The next thing I did was to pre-order a couple dozen copies to give to others. (I was fortunate that Chip had sent me an advance copy.) I have never done that. I read a lot of books, but nothing has hit me this hard in quite some time.
Emotional Equations, as the title suggests, approaches something that resides in our right brain–emotions–with something that resides in our left brain–math and logic. It's obviously not that literal, yet it is: there are seventeen emotional equations comprising four central themes: Dealing With Difficult Times, Getting The Most Out Of Your Work Life, Defining Who You Are and Finding Contentment. Each forms a part of the book, and each has from three to five equations, each of those getting its own chapter.
From the opening lines of the book depicting the author's 2008 heart attack and loss of five friends to suicide, Emotional Equations is a brilliant blend of business self-help, personal self-help, positive psychology, practical insight, personal experience, sound wisdom and powerful inspiration. Most authors are happy with two or three of those. Along the way, we get an honest look inside the heart, soul and mind of Chip Conley, who holds nothing back in sharing both pain and joy.
We learn that in the midst of his personal upheaval, the author looked for a light in the darkness, finding it in Viktor Frankl's seminal Man's Search for Meaning, and distilling it down to a simple equation: [Despair = Suffering - Meaning].
"In other words," Conley writes, "despair is what results when suffering has no meaning. In a recession…suffering is virtually a constant, so it's best to place your attention on growing your sense of meaning in order to decrease your feeling of despair."
The Despair equation is Chip Conley's favorite, and it went over so well upon introducing it to his senior managers in a leadership series he was facilitating that he began teaching it to all employees, along with a few other equations, such as [Disappointment = Expectations - Reality] and [Workaholism = What Are You Running From? / What Are You Living For?] and [Authenticity = Self-Awareness x Courage] and [Joy = Love - Fear]. Not your typical leadership training!
In a note he sent me with Emotional Equations, Chip mentioned that he thought I might like the very last equation, which is [Wisdom = The square root of Experience]. He was right, as the equation has everything to do with the subtractive nature of wisdom in a complex era.
Here's Chip: "We may feel that when faced with a series of challenges, we just have to work harder. Our equation for life is one long series of additions. But the 'Wisdom' equation suggests quite the opposite: when we're faced with the greatest odds against us, often we need to edit rather than add."
I love that. And I readily admit I have a bit of writer's envy. Luckily, there's an equation to help me wrestle that to the ground: [Envy = (Pride + Vanity)/Kindness].

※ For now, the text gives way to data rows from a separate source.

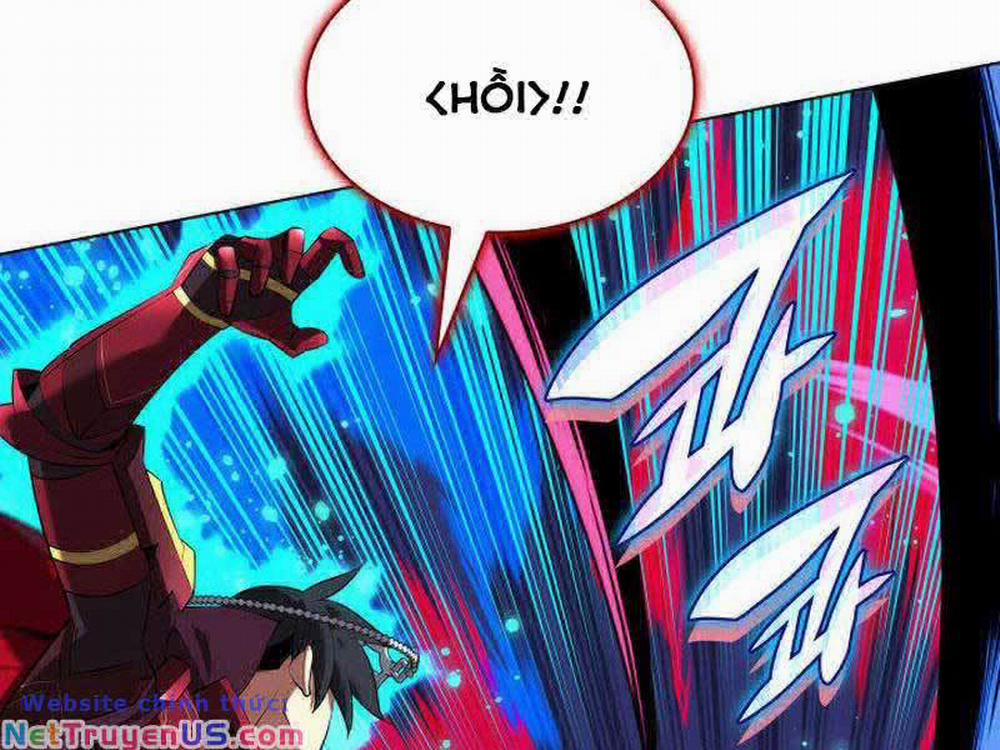 Thợ Rèn Huyền Thoại 199 trang 170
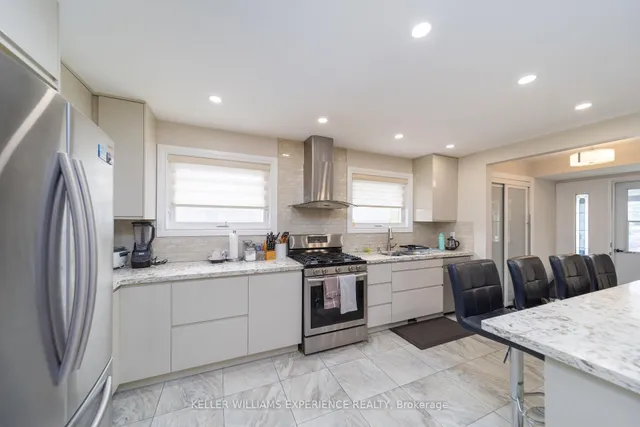 Additional image 6 of 57 Plunkett Rd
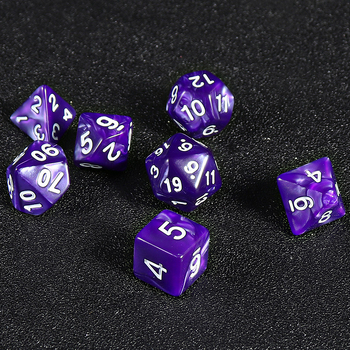 Rapid akrilne kockice s tri strane, šifra 26287, kutija 1000 komada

I also liked the 10 fairly ruthless questions found in the chapter on Workaholism (see the equation for Workaholism a few paragraphs above). The toughest half of which I thought were these:
- Are you a bit of perfectionist and prefer to do the work yourself rather than delegate since delegation is awkward when others won't be able to do the work as well as you would?
- Are you good at making excuses for why you have to work so hard?
- Do you have a difficult time sleeping because your mind races or you feel that there's so much work you could be doing if you didn't have to bother with sleep? Do you have a substance addiction to adrenaline or to the "rush" from completing a task or "saving the day"?
- Is it easier for you to logically understand emotions than to allow yourself to feel them? Does the word "intimacy" send shivers up your spine?
- Do you know what it feels like to just sit still for ten minutes doing nothing?
After I read through these, it helped to put the book down and go for a two-hour bike ride to mull them over and arrive at some honest but somewhat uncomfortable answers.
Emotional Equations is in my opinion a work of art. Stop whatever you're doing and buy this book, for yourself and for others in your life. Then read it. No, devour it. Then share it abundantly.